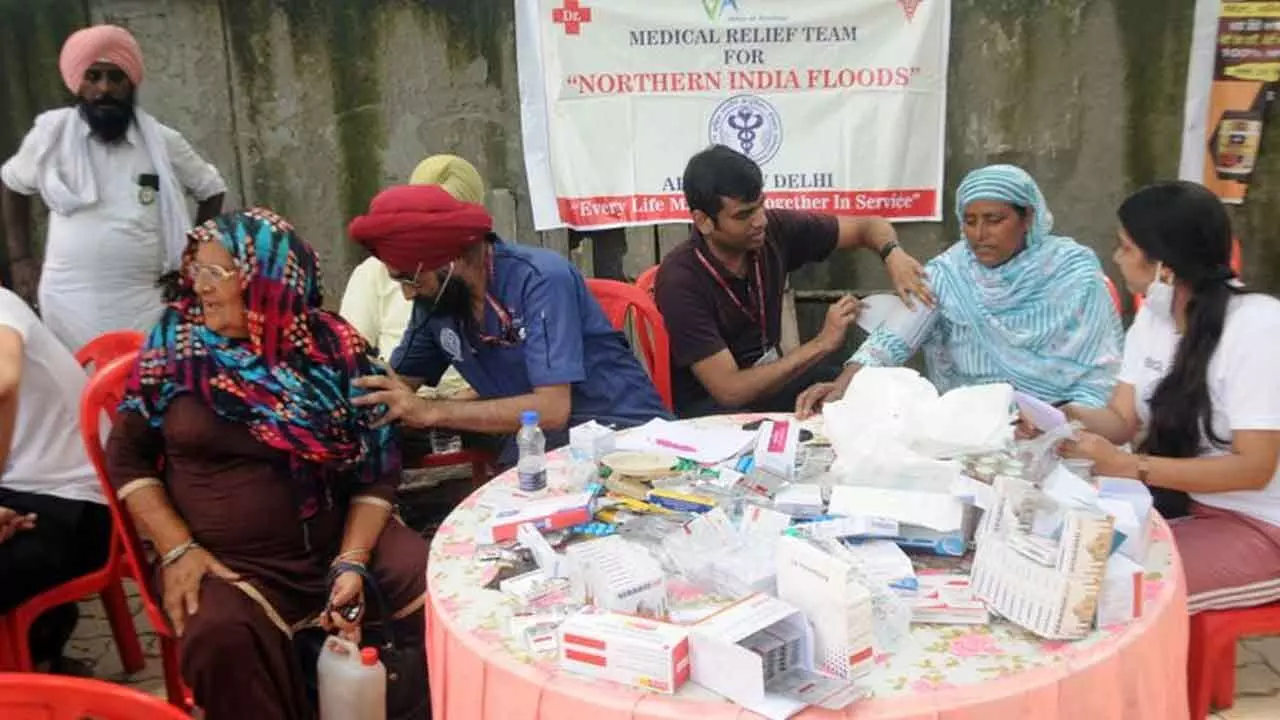 AIIMS Delhi Doctors Launch Health Camps And Telemedicine In Flood-Hit Amritsar AIIMS Delhi Doctors Launch Health Camps And Telemedicine In Flood-Hit Amritsar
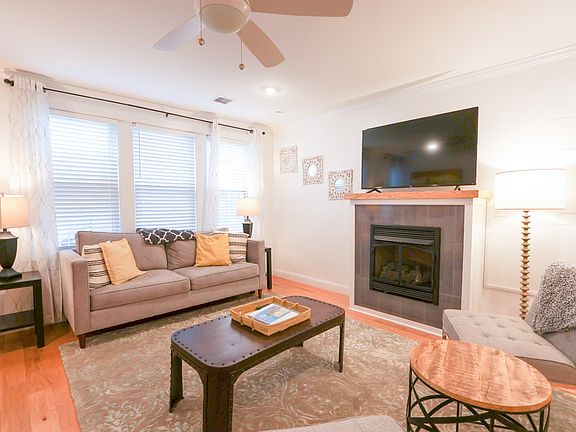 5th image of 1008 Tremont St APT 5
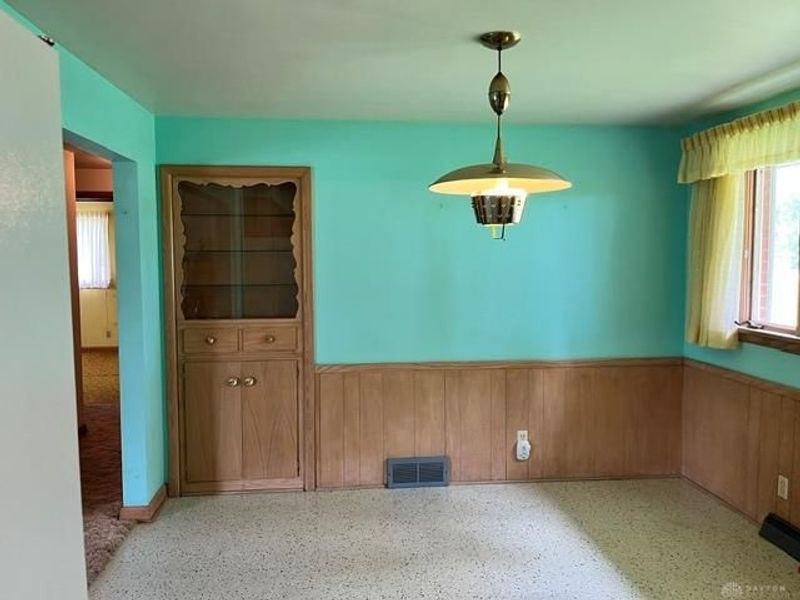 2520 Hollyview St NE, Canton, OH 44721 Photo 9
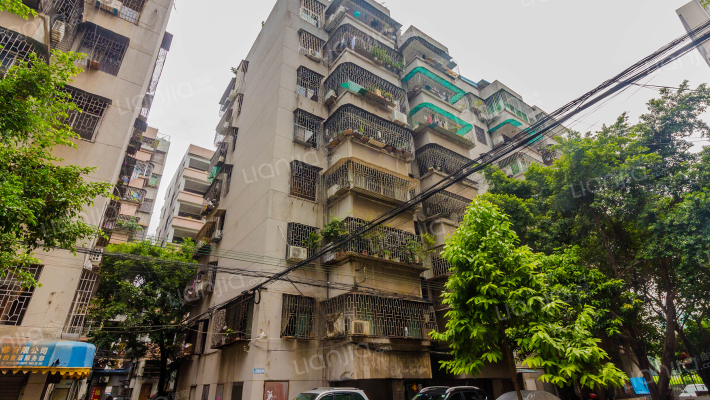 南一小区外景图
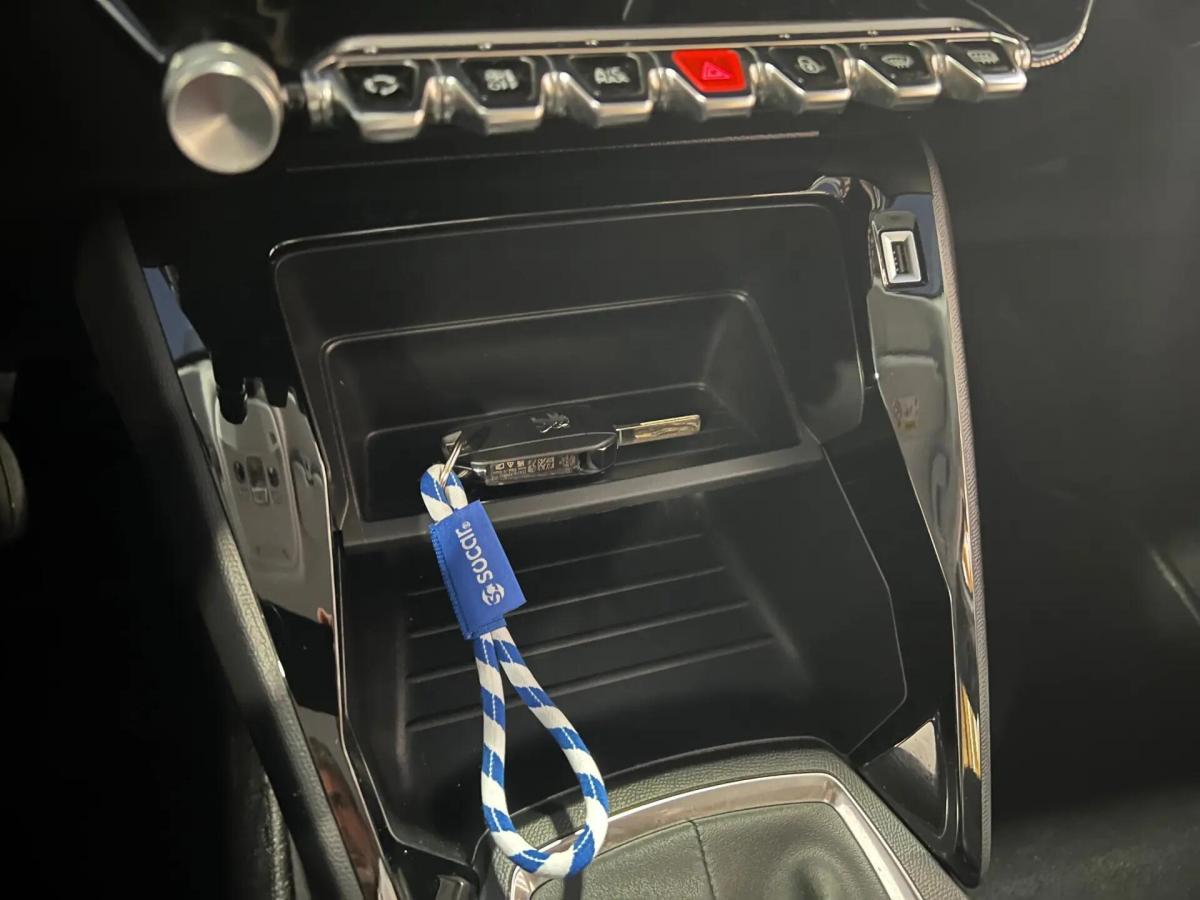 peugeot-208-2022-gasolina-1199cc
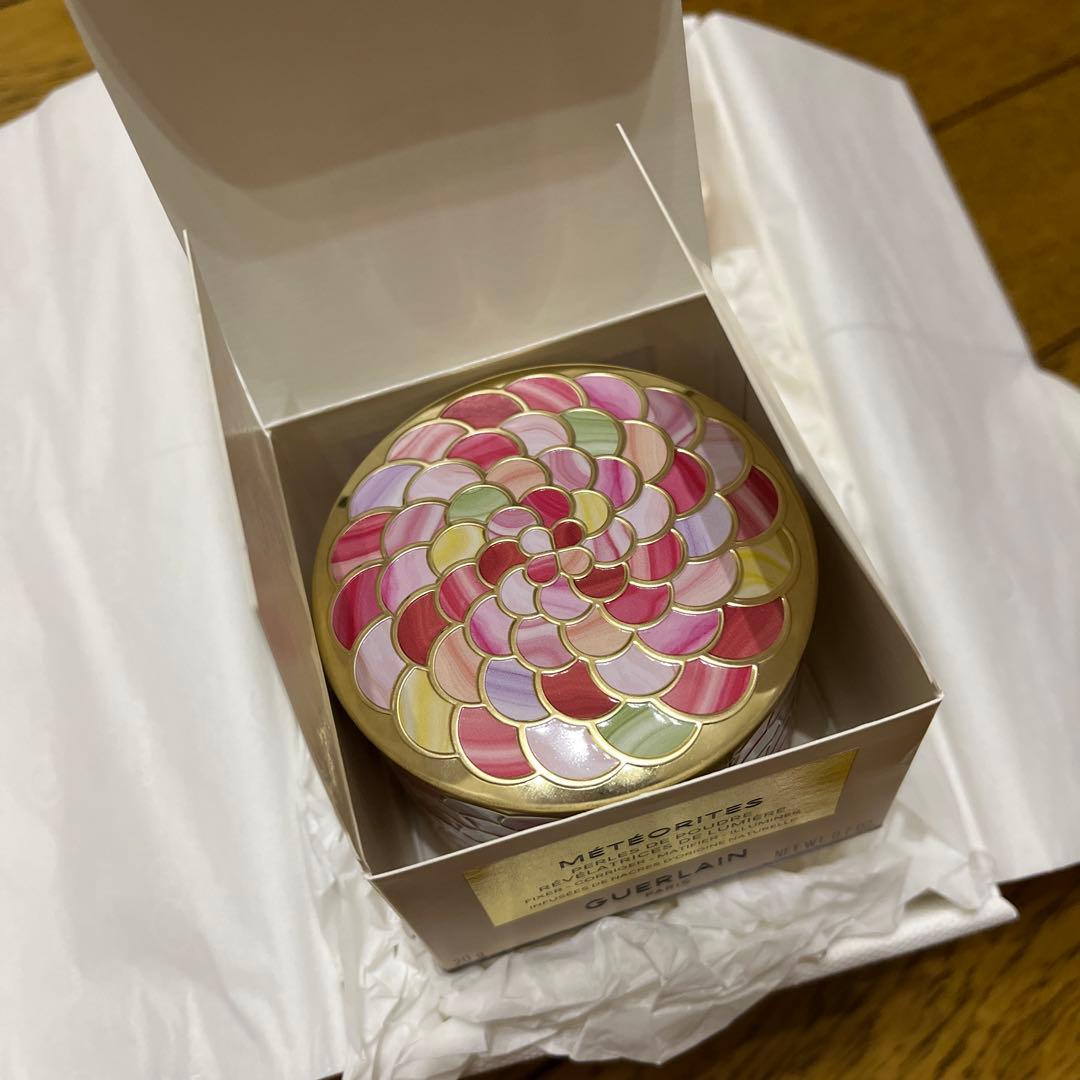 GUERLAIN メテオリット ビーユ ブラシ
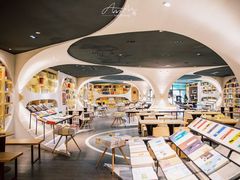 -钟书阁(珍园店)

Try it:
Each line of the data must be restated exactly, and the pictures must be left out.

Solution to the problem:
 AIIMS Delhi Doctors Launch Health Camps And Telemedicine In Flood-Hit Amritsar AIIMS Delhi Doctors Launch Health Camps And Telemedicine In Flood-Hit Amritsar
 5th image of 1008 Tremont St APT 5
 2520 Hollyview St NE, Canton, OH 44721 Photo 9
 南一小区外景图
 peugeot-208-2022-gasolina-1199cc
 GUERLAIN メテオリット ビーユ ブラシ
 -钟书阁(珍园店)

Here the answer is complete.